Au Congo-Brazzaville, le Service national de reboisement veille sur un patrimoine vert essentiel. Le 15 mai 2026, son comité de gestion a tenu sa trente-troisième réunion à Brazzaville, dans un climat de lucidité partagée.

Cet établissement public ne se contente pas de planter des arbres. Il porte une mission climatique. Selon le directeur de cabinet, « le SNR contribue à la réduction de la déforestation, à la conservation de la biodiversité, à l’amélioration de la fertilité des sols et à la création d’emplois durables ».

Derrière ces mots, une réalité de terrain. Pépinières, sites de plantation et infrastructures forment un maillage fragile. Sa solidité conditionne la restauration du couvert forestier, dans un bassin où chaque hectare protégé compte pour l’équilibre régional.

Des défis qui s’entremêlent

La réunion n’a pas éludé les difficultés. Trois fronts se dessinent, intimement liés : l’administratif, le financier et le foncier. Aucun ne se règle isolément, et c’est là toute la complexité de la tâche confiée au service.

Sur le plan administratif, le comité plaide pour des documents mieux tenus. La rigueur des écritures financières devient une exigence quotidienne. Une formation en gestion est jugée nécessaire pour outiller un personnel souvent confronté à des procédures exigeantes.

Le volet financier appelle, lui, des solutions neuves. Les membres ont évoqué la nécessité de sécuriser des mécanismes de financement innovants. Sans ressources stables, les ambitions de reboisement risquent de rester sur le papier, malgré la valeur écologique du projet.

Quand le terrain devient un champ de bataille

Le foncier cristallise les tensions les plus vives. Le directeur du SNR a signalé que ces problèmes constituent des obstacles majeurs. Des sites censés abriter des pépinières se retrouvent grignotés par des occupations anarchiques.

Le cas de la pépinière de Brazzaville illustre cette fragilité. Le site fait l’objet d’un litige judiciaire, assorti de tentatives d’expulsion. Là où devraient croître de jeunes plants, l’incertitude juridique freine les efforts patiemment engagés.

Cette pression foncière dépasse la simple querelle de parcelles. Elle interroge la place réservée à la nature dans une ville en expansion. Préserver un espace pour les arbres, c’est aussi défendre une vision durable de l’aménagement urbain congolais.

Vers une alliance institutionnelle renforcée

Face à ces obstacles, le comité mise sur la coopération. Un rapprochement plus étroit avec le ministère de l’Économie forestière figure parmi les recommandations. La forêt ne se sauve pas seule : elle exige une chaîne d’acteurs solidement reliés.

Lutter contre les occupations affectant les propriétés du service relève de cette même logique.

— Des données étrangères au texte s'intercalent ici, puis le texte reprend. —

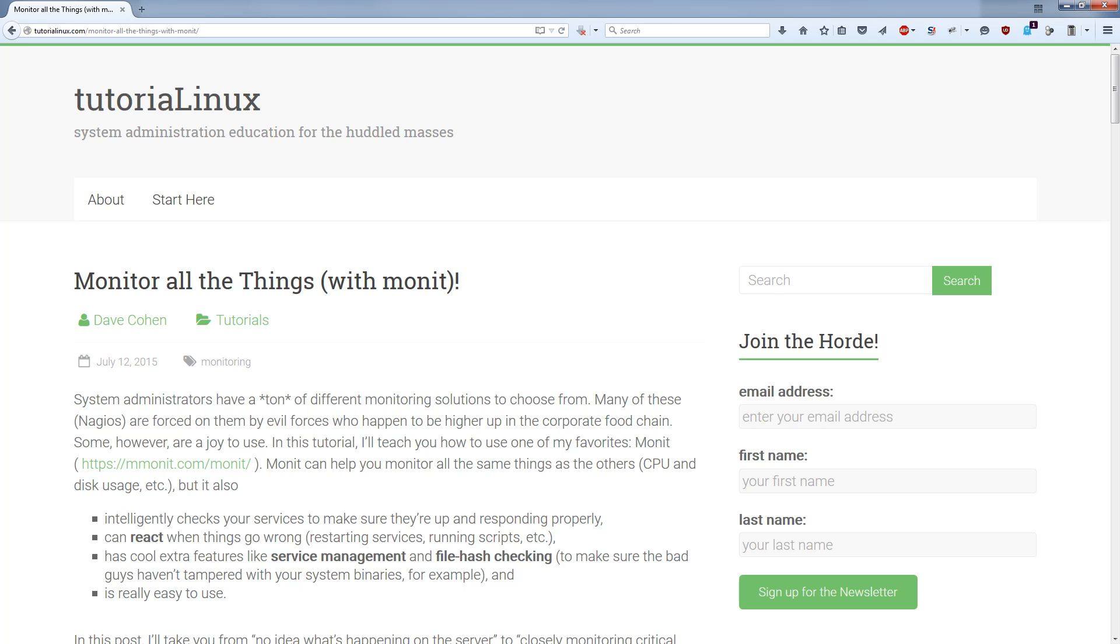So visit the site. I've actually already entered it in the channel page, but it's TutorialLinux, that's with one L, dot com. You'll find me there.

Sécuriser le foncier, c’est garantir la continuité du travail écologique. Sans assise territoriale, la mission de restauration perd son ancrage le plus concret.

Un enjeu qui dépasse les frontières

Le couvert forestier congolais s’inscrit dans le grand bassin forestier d’Afrique centrale. Sa préservation intéresse bien au-delà du pays. Chaque pépinière sauvée, chaque hectare reboisé pèse dans la régulation du climat à l’échelle régionale.

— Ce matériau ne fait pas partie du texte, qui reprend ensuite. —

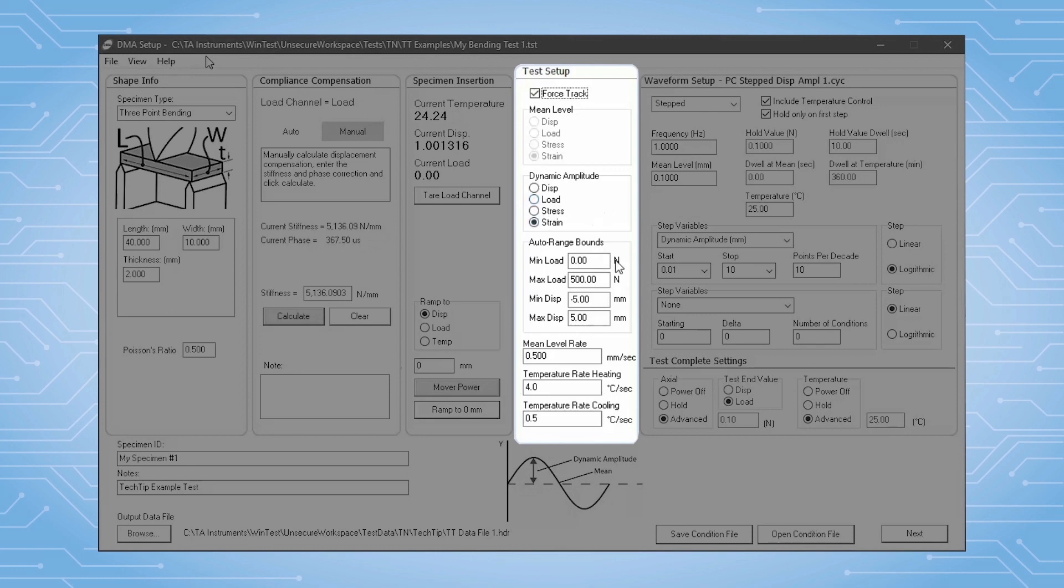Another control feature is auto-ranging. Here we can define the bounds in which we allow the adaptive controller to operate.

La trente-troisième réunion n’a pas livré de remèdes miracles. Elle a posé un diagnostic franc et tracé des pistes raisonnables. Le SNR avance entre contraintes budgétaires et batailles foncières, sans renoncer à sa raison d’être.

L’avenir des forêts congolaises se joue ainsi dans des salles de réunion autant que sur le terrain. Entre documents à renforcer, financements à inventer et terres à protéger, le travail reste immense. Mais la volonté, elle, semble bien enracinée.